RIGA - Cooperation among the Baltic states is currently as close as ever, Latvian Prime Minister Krisjanis Karins (New Unity) told journalists following a meeting of the Baltic Council of Ministers in Riga on Monday.
The meeting had brought together Karins, Lithuanian Prime Minister Saulius Skvernelis and Estonian Ambassador to Latvia Arti Hilpus who stood in for Estonian Prime Minister Juri Rattas who was unable to attend as his aircraft could not land at Riga Airport because of bad weather and returned to Tallinn.
While discussing a number of topical issues with his colleagues, Karins concluded that the list of the Baltic states’ common interests was much longer than the list of issues on which the countries’ position differed. The Baltic states have concurring positions on a number of issues, including geopolitical and security issues, as well as talks on the European Union’s (EU) multiannual budget beyond 2020, transatlantic relations, the UK’s withdrawal from the EU, etc. After the meeting I have concluded that Baltic unity is not only alive but also as good as ever, Karins said.
Lithuanian Prime Minister Skvernelis also said that the talks with the Baltic colleagues reassured him of the countries’ united stance on a number of issues. The Lithuanian premier underlined the Baltic states’ unity in talks on the EU’s multiannual budget with all three countries unanimously demanding a fair treatment of farmers in all member states.
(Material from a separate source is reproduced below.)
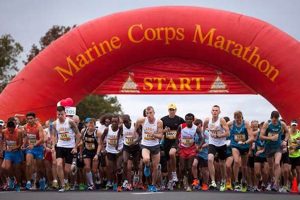Reach the Marine Corp Marathon Finish Line! [Guide] | Best Final Touch: Elevate Your Projects with Professional Finishing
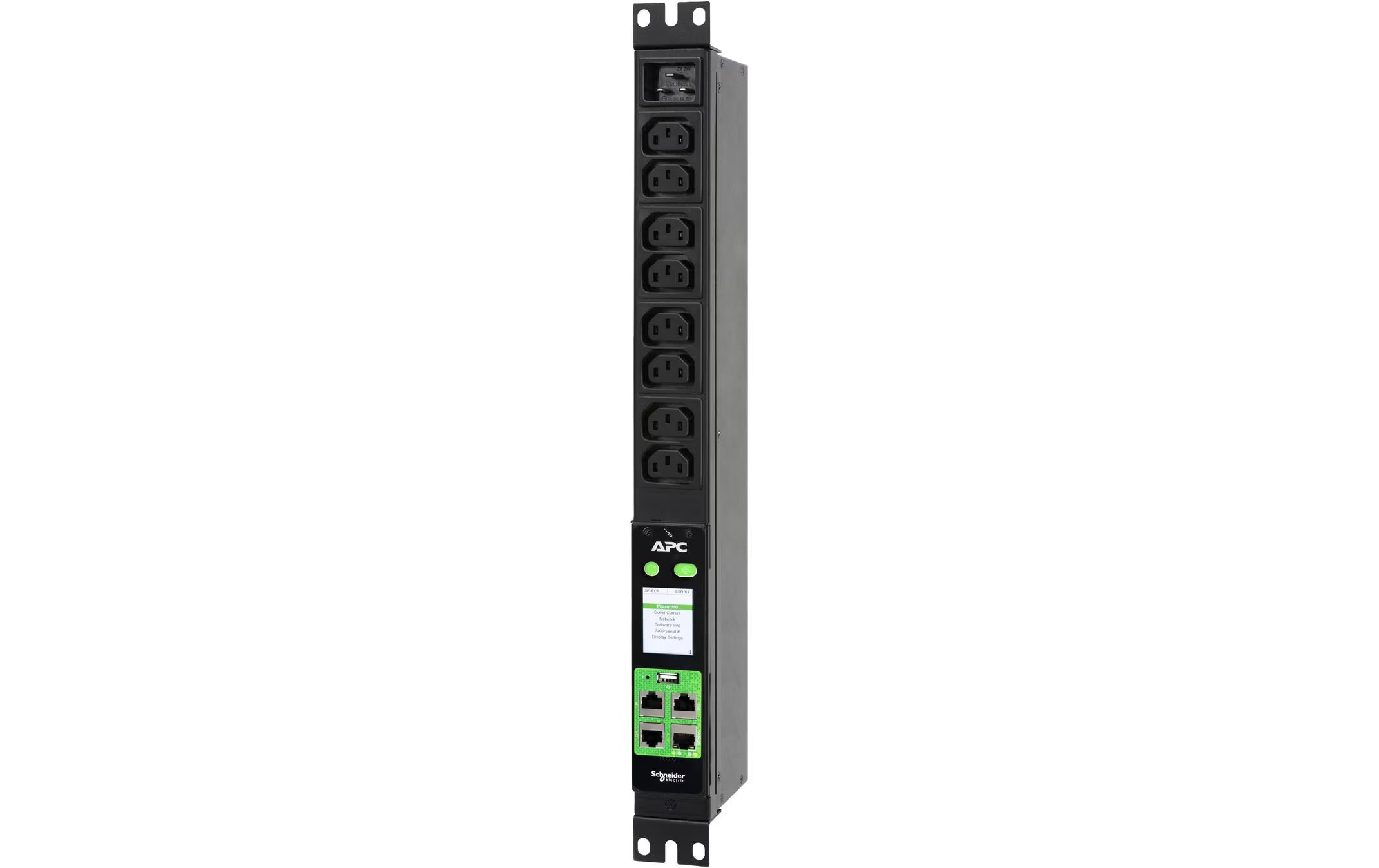 APC Steckdosenleiste Easy PDU EPDU2016M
The Baltic states are also united in their objections to the proposed reduction of funding to the Cohesion Policy.
The Estonian ambassador to Latvia added that the Cohesion funding is essential for the Baltic states’ major infrastructure projects, such as the Rail Baltica railway project and the Baltic power grids’ synchronization with Europe.
Hilpus also stressed that the Baltic states should cooperate more actively in security and defense, as well as in building relations with the US. The Estonian ambassador added that the Baltic states are united on EU sanctions against Russia and that it would be worth considering deepening these sanctions.
The Baltic Council of Ministers, an institution coordinating cooperation of the Estonian, Latvian and Lithuanian governments, was founded in Tallinn in 1994.